Robert Sirota, born in New York in 1949, is a composer, conductor, and administrator. He pursued his early training in composition at the Juilliard School and received a Bachelor of Music degree in piano and composition from Oberlin Conservatory. After a year of study in Europe, he earned a PhD in composition at Harvard. His works have been performed throughout the U.S. and Europe; he is the recipient of fellowships from the Guggenheim and Watson foundations as well as grants from the National Endowment for the Arts, Meet the Composer, ASCAP, and the American Music Center. Sirota served as Chairman of the Department of Music and Performing Arts Professions at New York University and as Director of Boston University’s School of Music. From 1995 to 2005, Sirota served as Director of the Peabody Institute of Johns Hopkins University and as a member of the conservatory’s composition faculty. During his Peabody tenure, Sirota spearheaded a $27-million physical transformation, enhancing and repairing much of the Peabody campus, including a restored entrance and new performance spaces. He started an institute-wide initiative to better align its operations with its mission, focused on the development of music entrepreneurialism, and forged a conservatory partnership in Singapore.

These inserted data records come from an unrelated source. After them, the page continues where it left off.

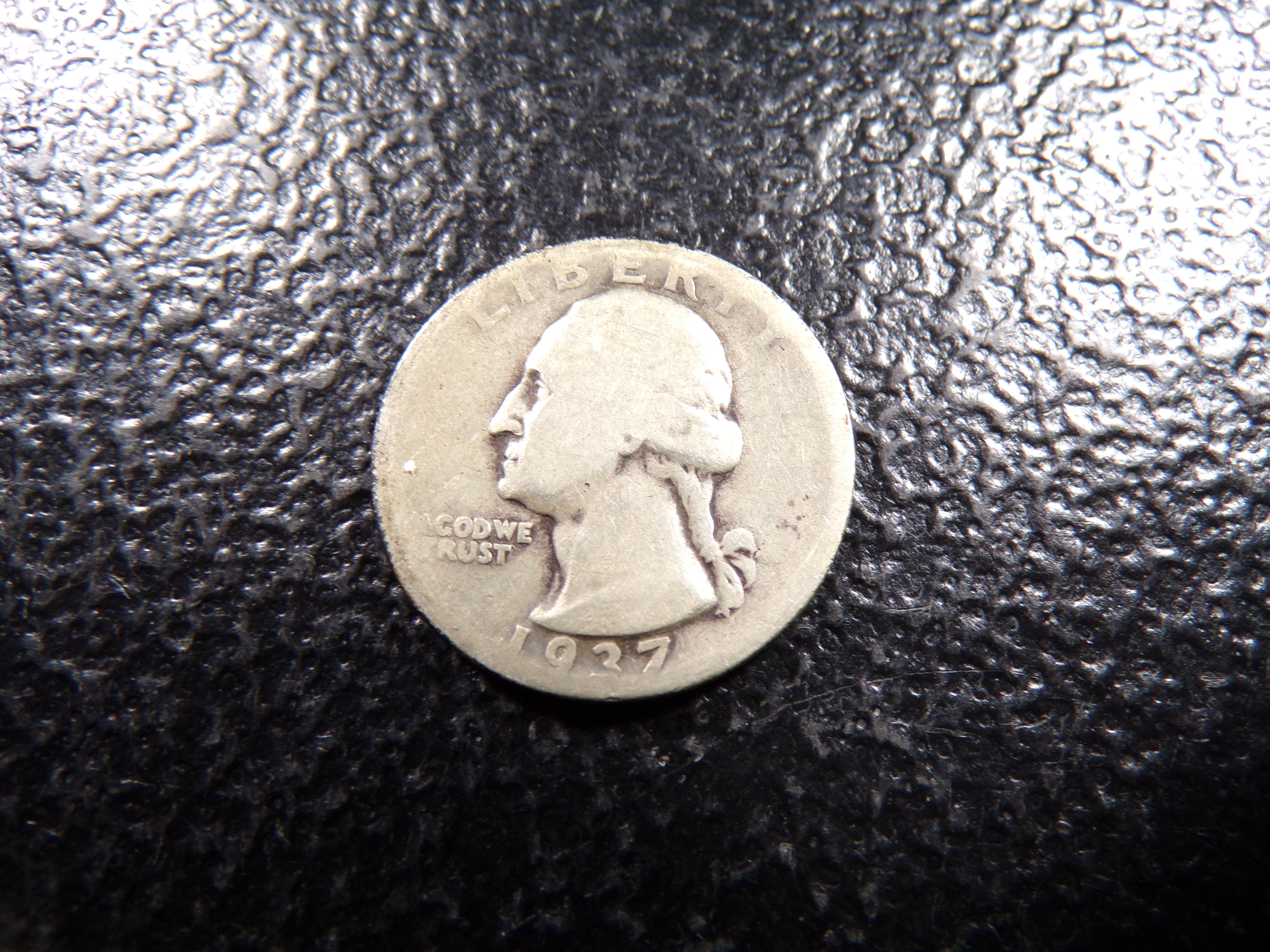 1937-D WASHINGTON SILVER QUARTER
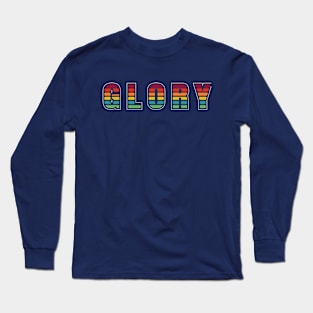 glory retro colour Long Sleeve T-Shirt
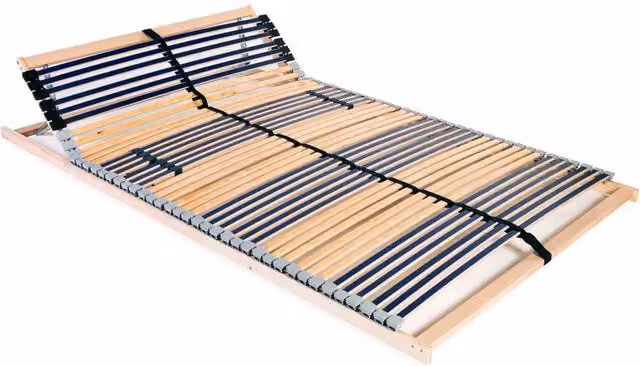 Berkfield Home 7-Zone Ergonomic Slatted Bed Base with 42 Beech and Birch Wood Slats, W: 140 cm, L: 200 cm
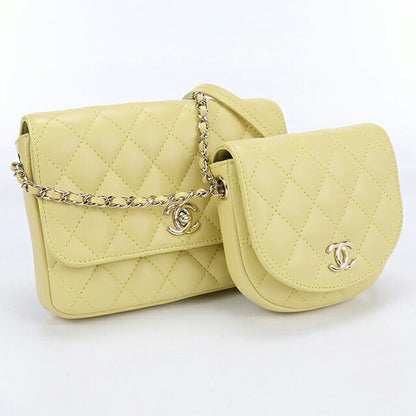 二手 CHANEL 单肩包 女士品牌 CHANEL 马特拉斯链条黄包 USDCH100158011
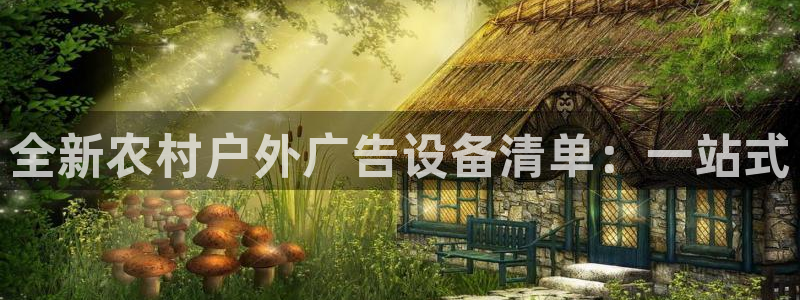 杏宇平台测速链接：全新农村户外广告设备清单：一站式
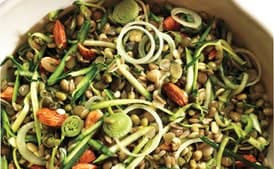 Brown Rice Salad with Crunchy Sprouts and Seeds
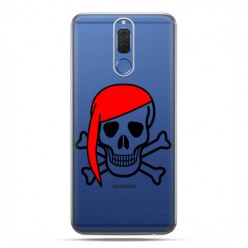 Huawei Mate 10 Lite - etui na telefon - Pirat Roger z czerwoną chustą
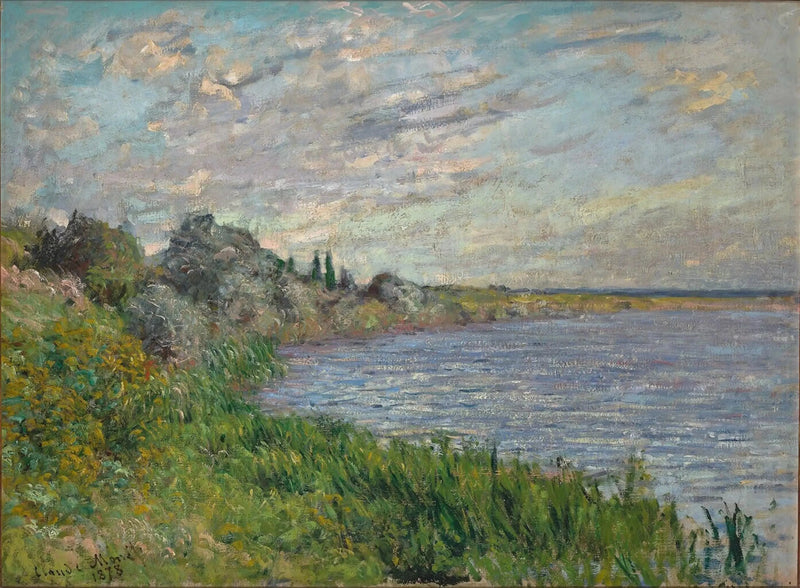 La Senna vicino a Vétheuil W477 - Claude Monet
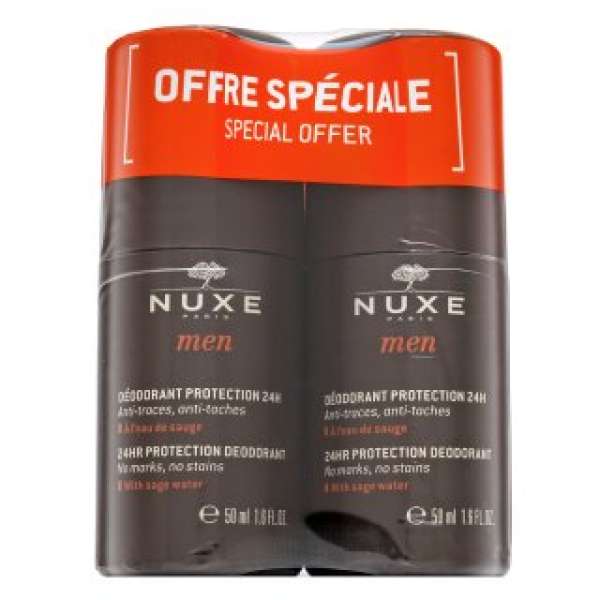 Nuxe Men dezodor 24HR Protection Deodorant 2 x 50 ml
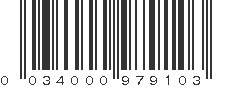 UPC 034000979103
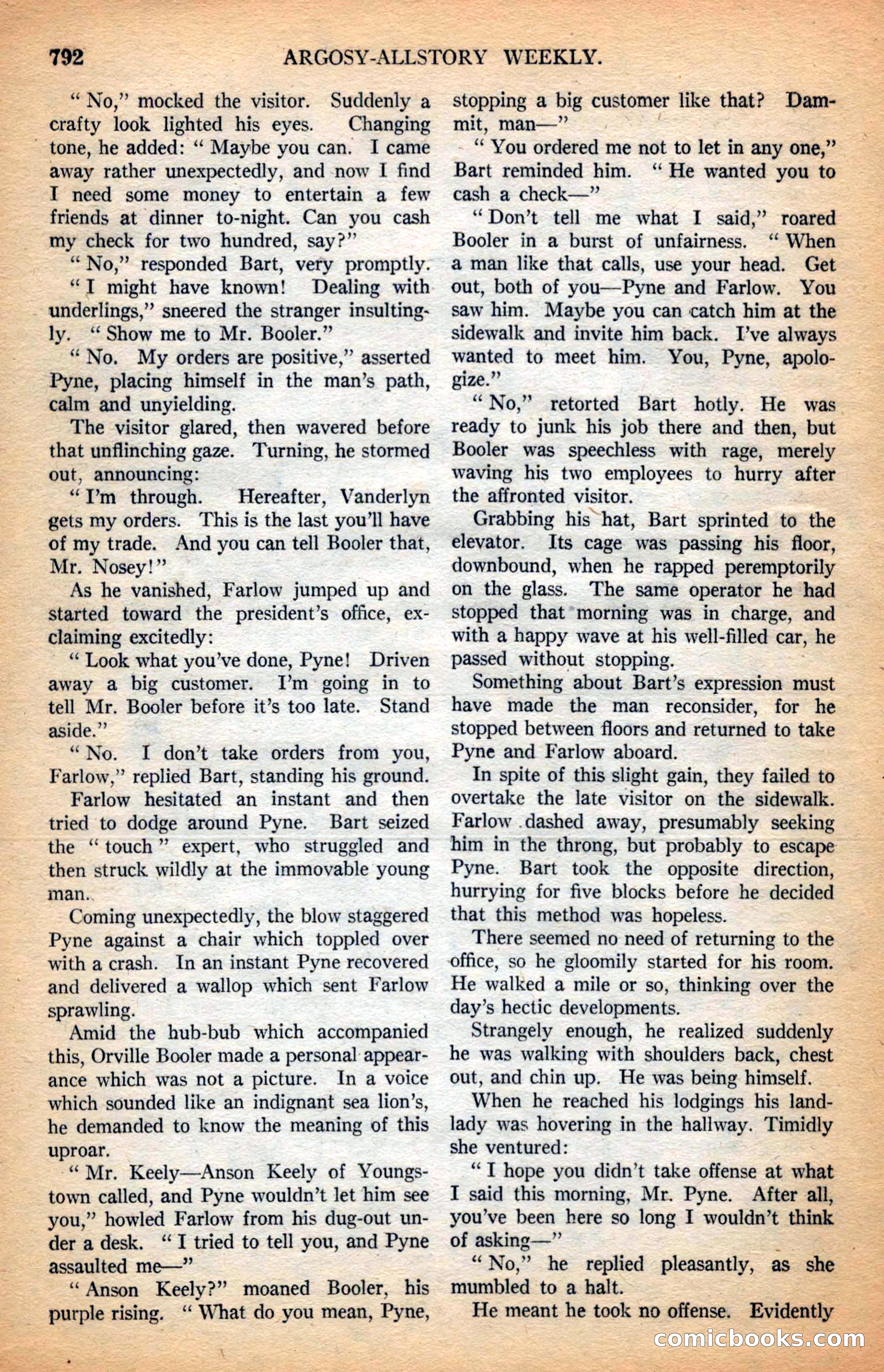 Argosy All-Story Weekly — page 154 of 164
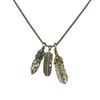 Takahashi Feather Style Necklace: European & American Hip-Hop Silver Alloy Pendant.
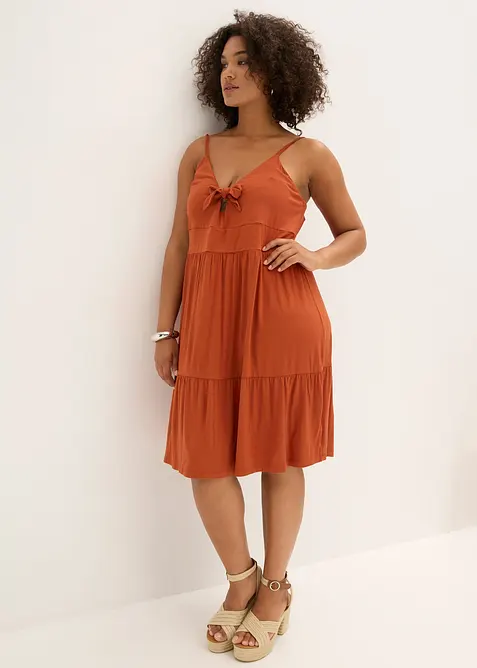 Tr&auml;gerkleid mit Knotendetail, bonprix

James Gandre, born in Wisconsin in 1959, earned a Bachelor of Music degree with honors from Lawrence University, a Master of Music degree from the San Francisco Conservatory of Music, and his Doctor of Education from the University of Nebraska– Lincoln. He also pursued postgraduate music study at the Blossom Festival School of Music/Kent State University and MSM. Before his appointment as President of Manhattan School of Music, Gandre had served the School for 15 years (1985–2000), most recently as Dean of Enrollment and Alumni. In 2000, he became Dean of Chicago College of Performing Arts at Roosevelt University, where he went on to serve concurrently as the Interim Dean of the College of Education, and ultimately as the University’s Provost and Executive Vice President. Gandre has broad knowledge of the history and discourse of the American conservatory, the subject of his doctoral dissertation, And Then There Were Seven: An Historical Case Study of the Seven Independent American Conservatories of Music that Survived the Twentieth Century. He has also written about conservatories and music schools for various publications, including Musical America, and has lectured at higher education institutions throughout the country. He was the founder and served as the first Chairperson of the Advisory Committee for the National Performing and Visual Arts College Fairs; served for four years as the external adjudicator for graduation examinations at Australia’s University of Melbourne School of Music; and was a voting member of the Grammys for more than two decades. As a performer, he has appeared as a tenor soloist as well as a choral artist in concert, commercial recordings, and television appearances with leading ensembles and opera companies around the world, including the New York Philharmonic, Metropolitan Opera Orchestra, Aix-en-Provence Festival, Israel Philharmonic, Royal Concertgebouw, San Francisco Symphony, and London Classical Players.
In the School's former home, on East 105th Street, The Director’s Office was occupied by Schenck and Brownlee during their tenures.